The whole cave is lined with machinery. Equipment flowed up the walls and across the ceiling. Glittering streams, like fiery veins, appeared to flow among the cluttered patches of hardware. Wide channels of ember-red branched endlessly throughout the blackened hollow. For a moment Ridgeway was struck with the irrational thought that he was somehow inside a huge artificial heart.
"It's Escher drawn by Geiger." Darcy offered with what seemed an uncertain balance of amusement and revulsion.
The ruddy glow cast the scene in an eerie, hellish hue. But something about the pulsing light seemed familiar, although completely out of scale. Ridgeway shifted his focus from the target and scanned the data that ringed the scope's view. Visible light, barely twenty percent amped. The answer, Ridgeway realized, lay a little lower on the scale.
"Go thermal."
The sniper responded immediately and pushed the scope to resolve waves in the ten micron range. The even-hued scene blossomed in artificial color as the imaging system displayed minute changes in the heat that radiated from every point within the scene.
It took Darcy only a moment to recognize the pattern. "Shit, the whole thing is one big IR array."
"Yeah," Ridgeway said quietly, following evidence to the inevitable conclusion. "So whatever they are, amid all that hardware is flesh and blood as we know it."
"Well, you are what you eat," Darcy drawled quietly.
As revolting as the image was, Ridgeway had to concede the logic. He wondered if one species could assimilate the genetics of another. Maybe the Ascension's crew wasn't eaten so much as cannibalized for parts. He tried to picture the muscles entwined along steel bones. Had they been grafted on or grown in place?
"That could explain the silver in their blood," Darcy muttered absently. "Maybe they just chowed down on somebody who'd been on the table." Her offhand comment lacked any real conviction.
Ridgeway groped for a reply as the crosshairs tracked to the brightest heat source in the cavern, a collection of equipment that glowed in the artificial tones of thermal imaging. Through digital sleight of hand, Darcy merged the visible and thermal channels, producing a layer of detail and surface texture.

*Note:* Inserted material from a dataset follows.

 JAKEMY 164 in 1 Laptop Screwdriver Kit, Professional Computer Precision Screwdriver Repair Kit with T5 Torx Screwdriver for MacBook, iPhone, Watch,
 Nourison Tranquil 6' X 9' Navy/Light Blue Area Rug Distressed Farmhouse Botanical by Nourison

Quick to offer her conclusions, Darcy pre-empted the prior line of conversation with a businesslike analysis. "Roughly twelve meters high, heavy steel construction. Lot of moving parts, it's definitely serviceable. Looks like some of the old oil rigs we used to have back home."

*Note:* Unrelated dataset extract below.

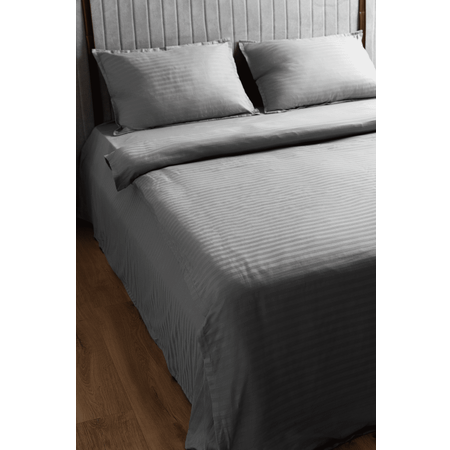 Комплект постельного белья LELIT 2-х спальный 100% страйп-сатин 145гр/м2 серый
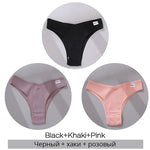3Pcs/Set Cotton Women Briefs Sexy Low Rise Panties Female Seamless Underwear Breathable Underpants Girls M-XL Intimates Lingerie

"Close." Ridgeway replied softly. He'd seen units just like it on the frozen plains of McFarland's World. Unlike oil derricks that drew liquid from the planet's core, these sucked heat. "Geothermal Rig. They're mining for heat."
As he stared at the unwieldy machine, Ridgeway recalled Monster's first report. Maybe two klicks down to hit the magma plane. The hardship inherent in drilling through cold stone was staggering. He shook his head, that's one hell of a mining op.

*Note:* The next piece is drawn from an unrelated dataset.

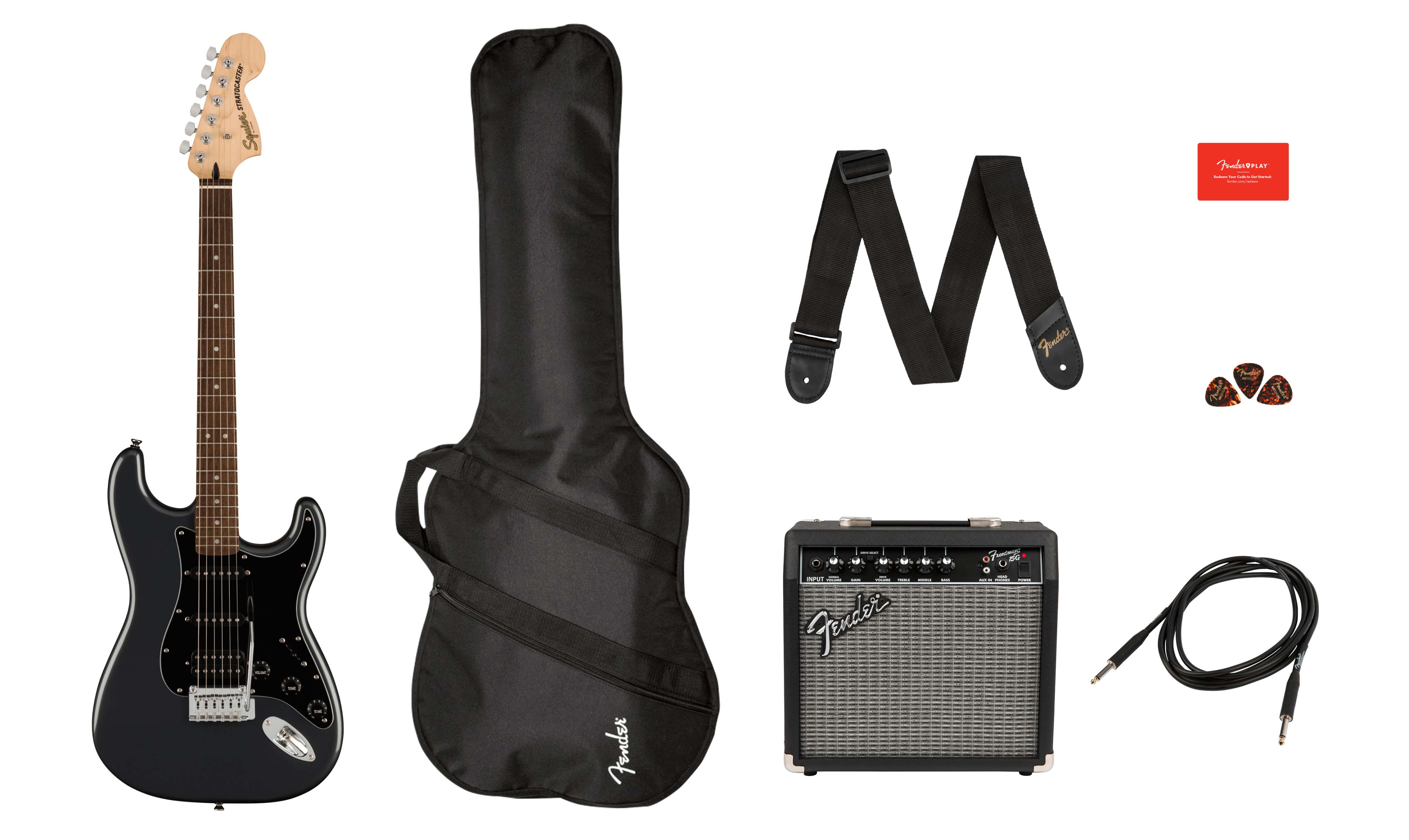 Fender Squier Affinity Stratocaster HSS - Charcoal Frost Metallic w/ Amplifier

"Bet that took a while." Darcy muttered, as if reading Ridgeway's mind.
A while indeed, Ridgeway assessed, noting with equal focus that the only visible dig went down instead of up. Disappointment welled, its growing weight tugging at his resolve. Dispair threatened to drown out any last shred of hope when he was struck by epiphany.
"They aren't locals."
Darcy was caught by surprise. "Come again?"
"These things, they can't be indigenous. They came here from somewhere else." Excitement gathered in Ridgeway's voice.